Unfortunately, ASA was also no longer able to access military charters. From 1961 onward, US military business was preferentially directed towards airlines that could supply aircraft to the Civil Reserve Air Fleet (CRAF) that the US military viewed as particularly valuable, in particular, turbine (jet or turboprop) aircraft. By December 1963, ASA stood alone as the only certificated cargo airline without turbine equipment. From financial 1962 (started July 1961) onward, ASA received no further military business. ASA stopped operations 16 April 1965.
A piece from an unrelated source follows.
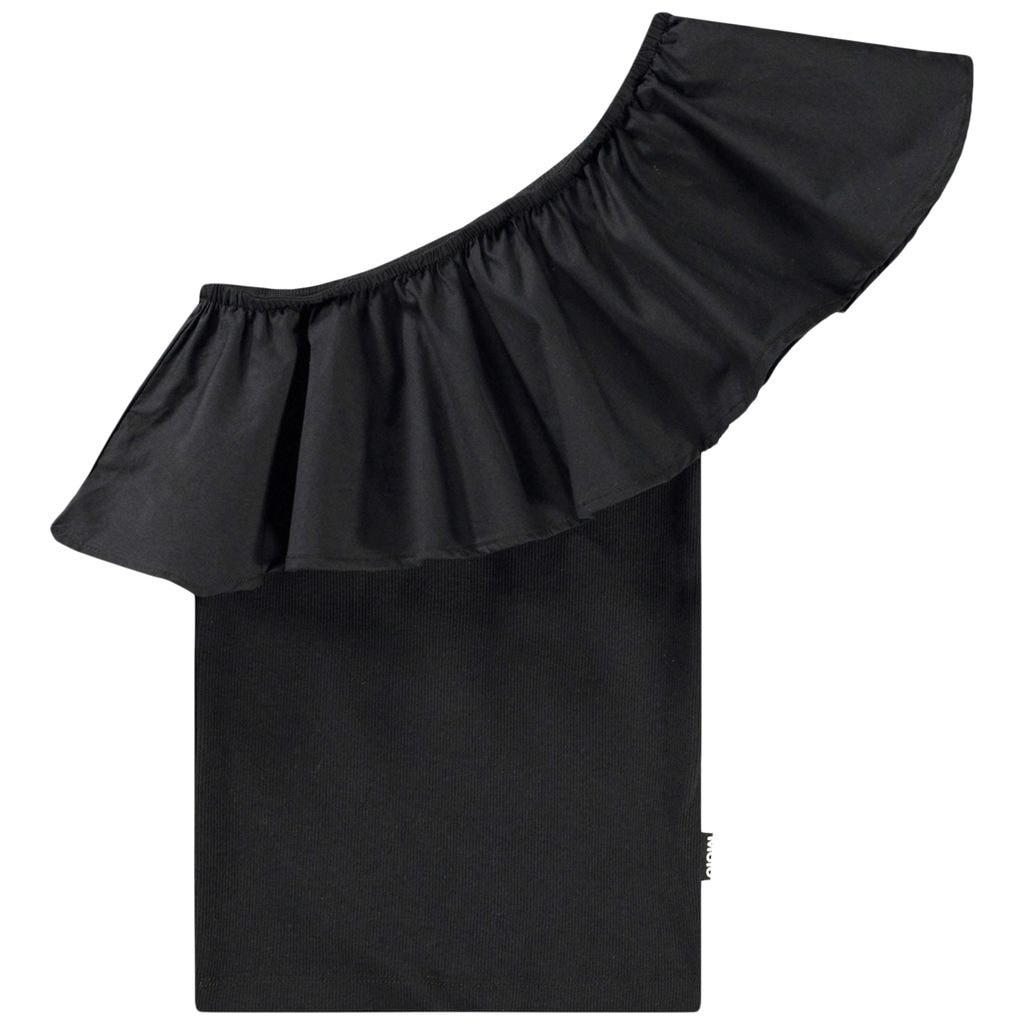 Rebecca Sleeveless Top Black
Riddle (named Airlift International since 1965), did not give up. In 1965, it bought out some of the biggest shareholders of moribund, bankrupt ASA and went back to the CAB, which, once again, after a long delay, rejected the deal a second time in 1968. The CAB finally cancelled ASA's certificate December 20, 1968.
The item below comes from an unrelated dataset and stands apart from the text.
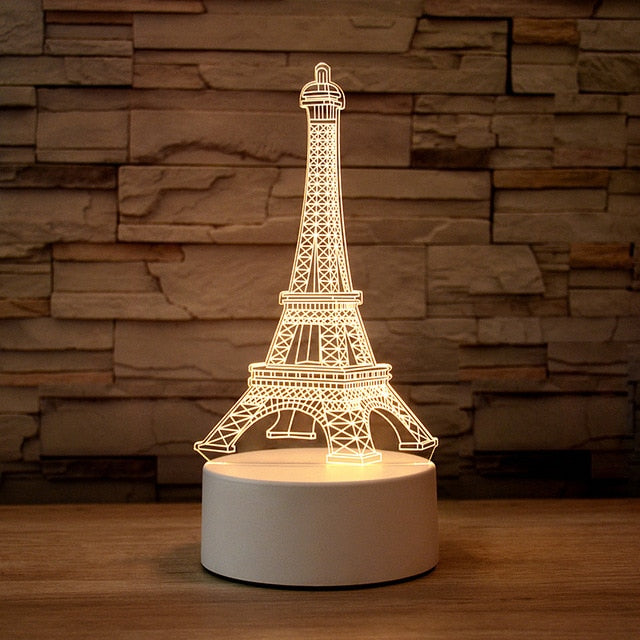 Table Night Lamp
==ASA International Airlines==
ASA did business as "ASA International Airlines" almost the entire time it was a certificated airline. There are uses of the trade name as early as 1953. However, CAB and other official settings the airline was referred to by its legal name and almost always in news articles.

==Fleet==
September 1952:
- 2 C-46

April 1957:
- 4 Curtiss C-46

Year end 1962:

- 3 Douglas DC-7C
- 2 Douglas DC-4
- 2 Lockheed L-049 Constellation
- 1 Curtiss C-46

==Destinations==
See nearby map.

==Accidents==

- 20 March 1953: Curtiss C-46A N66559 missed an engine-out approach to St Petersburg. The crew added power for go-around but the aircraft stalled and crashed. The aircraft was a write-off, but everyone on board survived.
- 12 December 1956: Curtiss C-46F N1662M on a flight from Panama City to Bogota an engine overrevved and on shutdown, propeller could not be feathered. The aircraft was unable to make it on return to Panama City and ditched in the Pacific where it floated for a half hour. The crew survived.
- 6 November 1957: Curtiss C-46A N10425 suffered a loss of engine power shortly after departure from Guatemala City on a flight to British Honduras. The aircraft was unable to maintain altitude on the remaining engine. Finding a place to put down the aircraft was a challenge due to the presence of many people on suitable landing sites, ultimately the aircraft crashed into a building killing two inside, crew was severely hurt but survived.